Demand For Additional Tax Can Be Made Only If Assessee Intended To Evade Tax

Present appeal has been filed by the Assessee challenging the Division Bench judgment of the High Court by which Civil Special Appeal filed by the Revenue has been allowed upholding the demand of additional tax under Section 143(1-A) of the Income Tax Act, 1961.

Referring to Circular No.549 dated 30.10.1989 of Central Board of Direct Taxes, it is submitted that, 20% additional tax sought to be imposed under Section 143(1-A) of 1961 Act is in the nature of penalty and can be levied only when the Assessee had intentionally sought to file an incorrect return. It is submitted that, such additional tax could only become payable in case where Assessee was assessed to an income for the purpose of tax and could not apply where there was no income or there was loss.

The amendments brought by Finance Act, 1993 with retrospective effect i.e. from 01.04.1989 are fully attracted with regard to assessment in question i.e. for assessment year 1991-92. The substituted subsection (1-A) makes it clear that where the loss declared by an Assessee had been reduced by reason of adjustments made under sub-section(1)(a), the provisions of sub-section (1-A) would apply.

The Commissioner of Income Tax while rejecting the revision petition of the Petitioner has taken the view that whenever adjustment is made, additional tax would be charged @ 20% of the tax payable on such excess amount. The excess amount refers to the increase in the income and by implication the reduction in loss where even after the addition there is negative income. Whether there should be levy of additional tax in all circumstances and cases where loss is reduced, is the question to be answered in the present case.

Present Court in K.P. Varghese v. ITO, held that provisions of Section 143(1-A) should be made to apply only to tax evaders. This Court in the above case upheld the constitutional validity of Section 143(1-A) (as inserted by the Finance Act, 1993) subject to holding that Section 143(1-A) can only be invoked where it is found on facts that the lesser amount stated in the return filed by the Assessee is a result of an attempt to evade tax lawfully by the Assessee.

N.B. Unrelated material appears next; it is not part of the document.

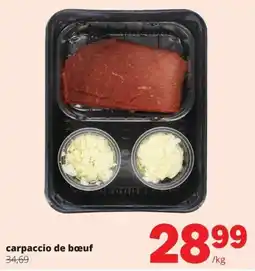 Spar carpaccio de bœuf aanbieding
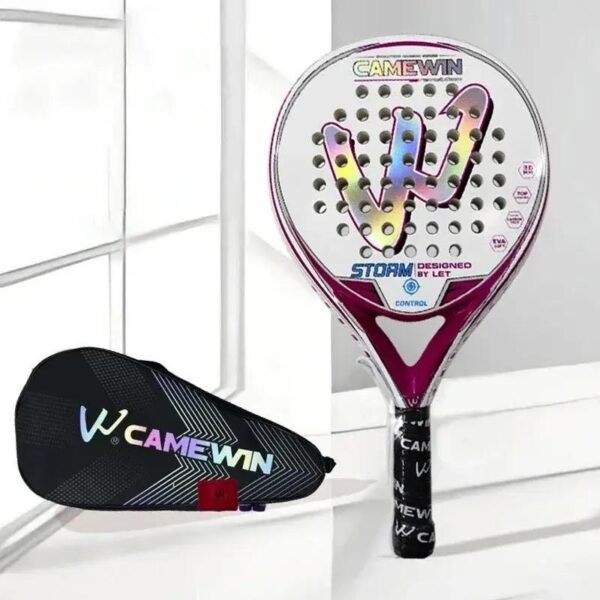 CWIN 4018 Lightweight Premium Carbon Fiber Padel Racket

In facts of present case, even after dis-allowing 25% of the depreciation, the Assessee in the return remained in loss and the 100% depreciation was claimed by the Assessee in the return due to a bonafide mistake. By Taxation Laws (Amendment) Act, 1991, the depreciation in the case of Company was restricted to 75% which due to oversight was missed by the Assessee while filing the return. The Commissioner of Income Tax by deciding the revision petition has also not made any observation to the effect that 100% depreciation claimed by the Assessee was with intend to evade payment of tax lawfully payable by the Assessee, rather the Commissioner in his order has observed that whenever adjustment is made, additional tax has to be charged @ 20% of the tax payable on such excess amount.

It is true that while interpreting a Tax Legislature the consequences and hardship are not looked into but the purpose and object by which taxing statutes have been enacted cannot be lost sight. This Court while considering the very same provision, its object and purpose and while upholding the provision held that the burden of proving that the Assessee has attempted to evade tax is on the Revenue which may be discharged by the Revenue by establishing facts and circumstances from which a reasonable inference can be drawn that the assessee has, in fact, attempted to evade tax lawfully payable by it.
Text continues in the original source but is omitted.